Un’organizzazione “anti-islamica”. È dunque corretto affermare, come nel caso di Barrack Obama e John Kerry, che l’Isis è “anti-islamico”? È noto che numerose autorità e organizzazioni islamiche hanno apertamente condannato l’Isis sostenendo che le azioni del gruppo jihadista vanno contro la morale islamica che vieta barbarie e atrocità di quel tipo. Il maestro sufi Gabriele Mandel illustrava che uno dei significati di Islam è “pace” e sosteneva che i terroristi sono tali per mancanza di Islam, non per eccesso di Islam.
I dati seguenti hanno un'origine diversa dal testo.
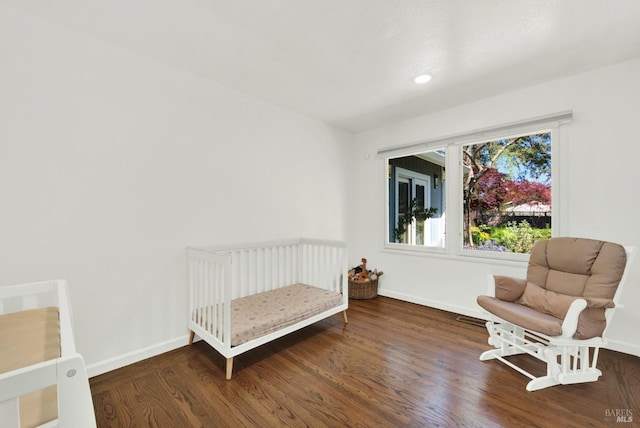 bedroom featuring a nursery area, baseboards, and wood finished floors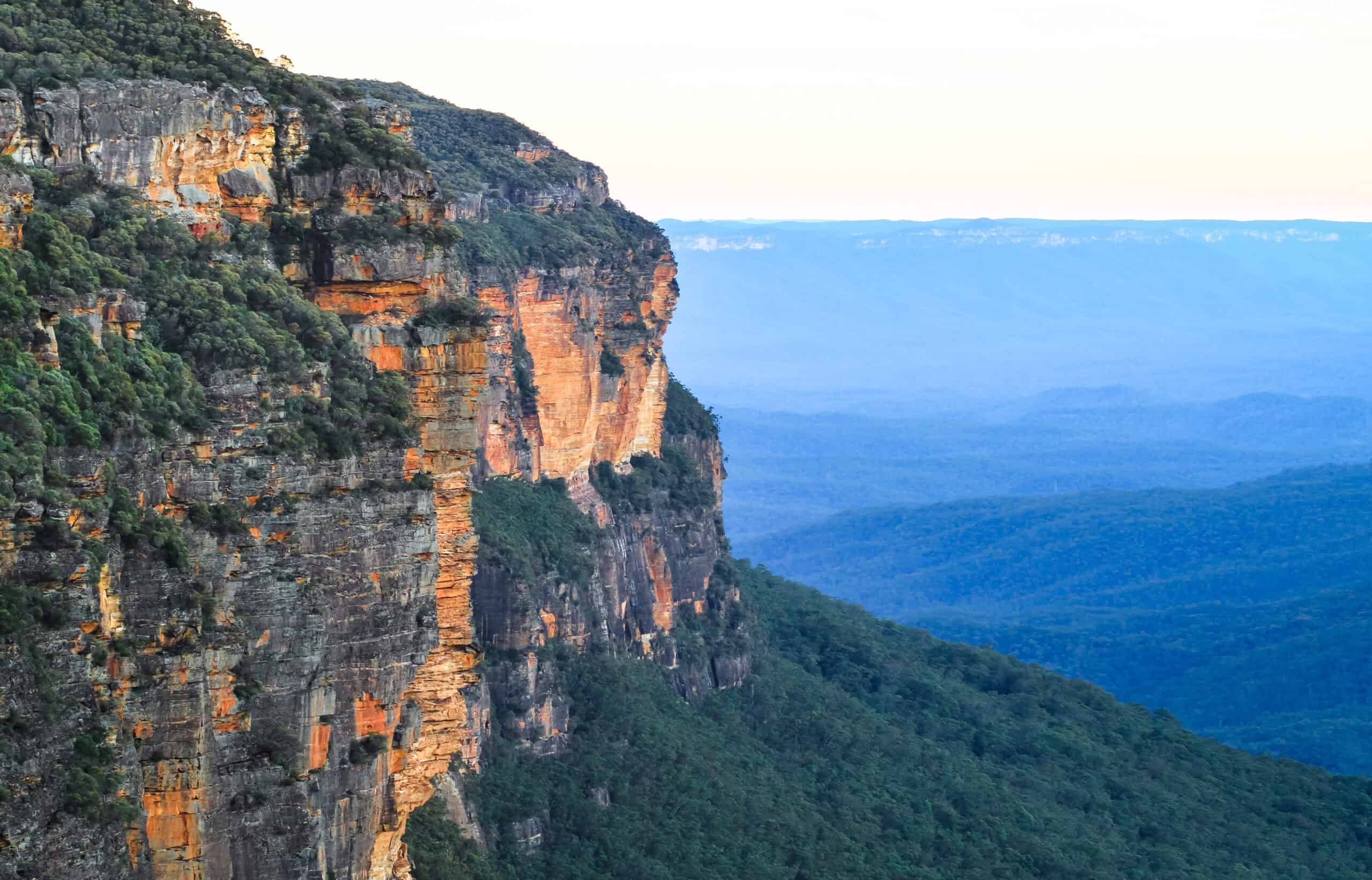 Large rocky cliffs and characteristic blue haze in the Blue Moun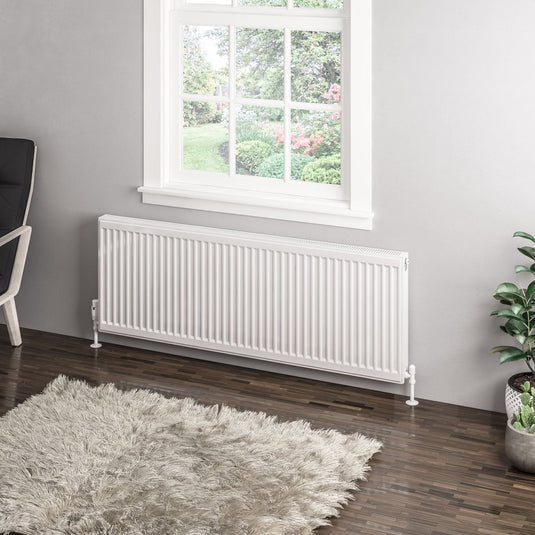 Modern white panel radiator under window in contemporary living room with shaggy rug and plants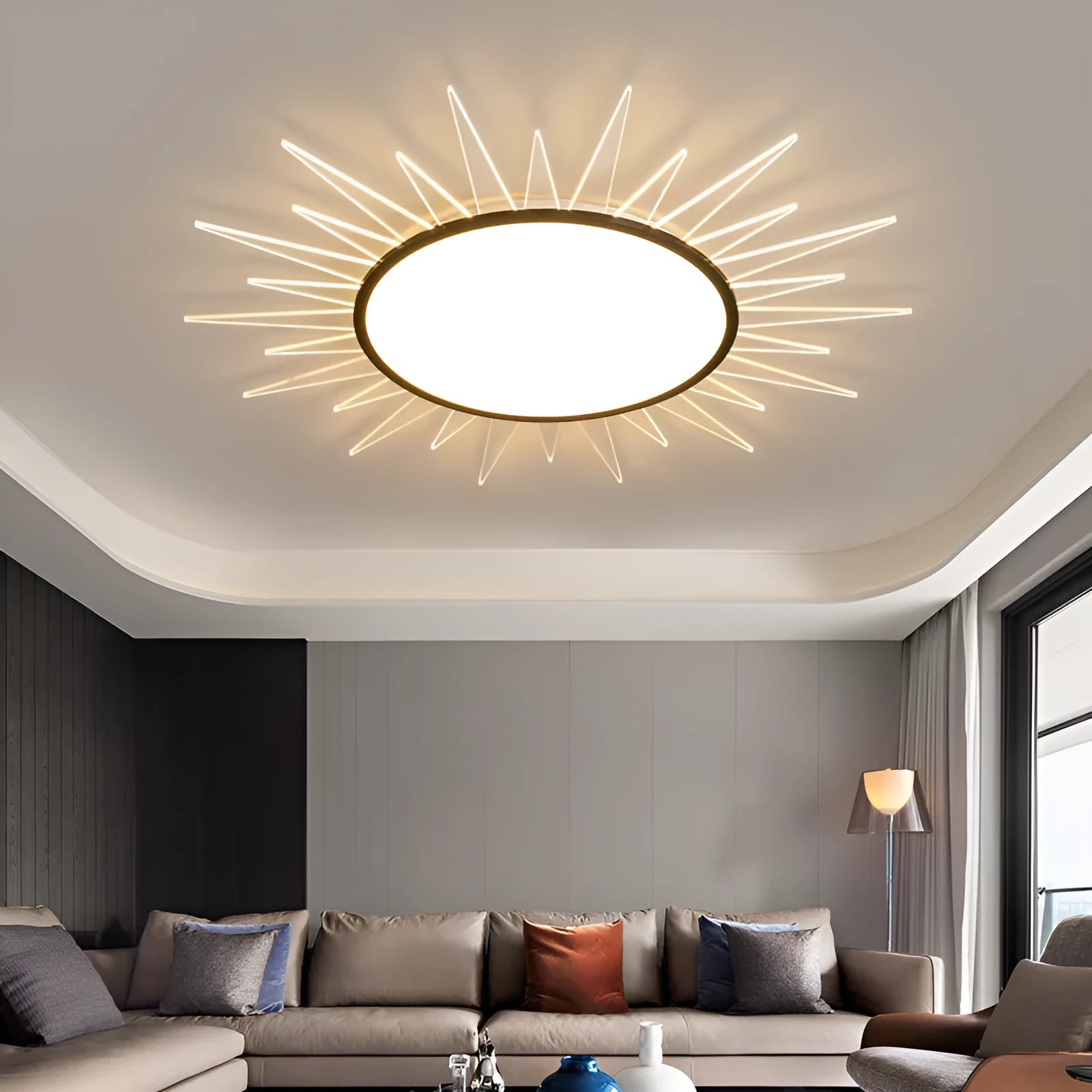 Modern round aluminium ceiling lamp with remote control for dimming, shown in a living room setting.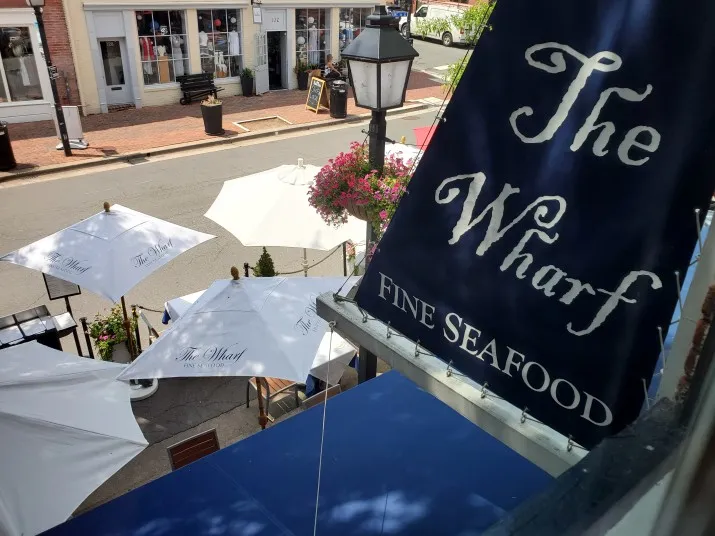 Gemini said Outdoor patio of The Wharf Fine Seafood with white umbrellas and a blue logo banner.
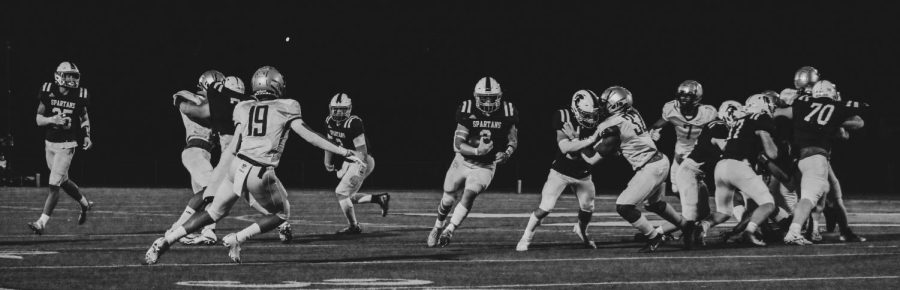 Senior Rusty VanWetzinga (8) of the Pleasant Valley Spartans runs his route through the Iowa City West Trojans defensive line, Oct. 21, 2022. VanWetzinga carried for 93 yards and ran for 3 touchdowns, leading them to a 35-14 win in the final game of the season. 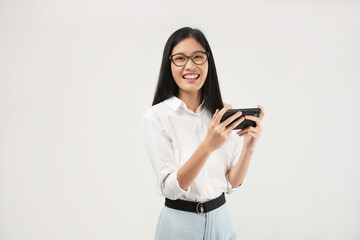 This portrait of a young Asian woman wearing a white shirt and glasses, with a positive expression playing video games on a modern smartphone, isolated on a white background. Modern technology concept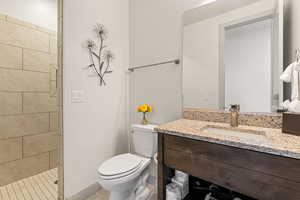 Full bathroom featuring vanity, light tile patterned floors, and a tile shower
Un problema ideologico intrinseco. Bisogna però riconoscere che nell’Islam vi è un problema ideologico intrinseco. Un Islam che non è e non è mai stato un blocco monolitico, che non ha un’autorità clericale centrale universalmente riconosciuta (con eccezioni in ambito sciita) ; a tal fine è interessante considerare quanto detto dalla politologa svizzera-yemenita Elham Manea nel suo articolo “Io, musulmana, dico: l’ISIS è dentro di noi”. La Manea ricorda che “l’ISIS, seppur condannato dalla maggioranza dei musulmani, è il prodotto di un discorso religioso islamico che ha dominato la nostra sfera pubblica negli ultimi decenni – un discorso diffuso e ricorrente! L’ISIS «non è arrivato da un altro pianeta», ha affermato al Ajami. «Non è un prodotto dell’Occidente infedele o di un Oriente dei tempi che furono», ha ribadito”. E ancora: “….l’ISIS ha studiato nelle nostre scuole, ha pregato nelle nostre moschee, ha ascoltato i nostri mezzi di comunicazione … e i pulpiti dei nostri religiosi, ha letto i nostri libri e le nostre fonti, e ha seguito le fatwe (responsi religiosi) che abbiamo prodotto”. La politologa riflette poi sul rapporto che tale ideologia ha con gli altri credi: “le azioni di ISIS sono ideologicamente veicolate ormai da molto tempo: nelle moschee che maledicono i “cristiani-crociati”, gli “ebrei” e gli “infedeli” in ogni sermone del venerdì. Con religiosi che ci salutano quotidianamente dai loro programmi televisivi e che predicano un messaggio di odio e intolleranza contro l’«altro», indipendentemente da chi sia questo «altro». Nelle scuole che ci insegnano che la pena per chi abbandona l’islam per un’altra religione è la morte; che i cristiani e gli ebrei sono “popoli protetti”, che dovrebbero pagare una tassa per essere lasciati in pace mentre in caso contrario la guerra li attende. Il destino degli appartenenti alle “altre religioni” invece è un non detto, ma noi sappiamo leggerlo tra le righe. Durante queste lezioni non ci hanno mai insegnato che un cittadino ha il diritto di scegliere la propria religione oppure che un cittadino è uguale davanti alla legge, indipendentemente dalla religione o dal credo”.
Non sarebbe dunque ora di aprire un dibattito all’interno del mondo islamico e mettere in atto una riforma che chiarisca una volta per tutte quegli aspetti che vengono strumentalizzati dai predicatori di odio per legittimare le loro barbarie e giustificare l’ingiustificabile?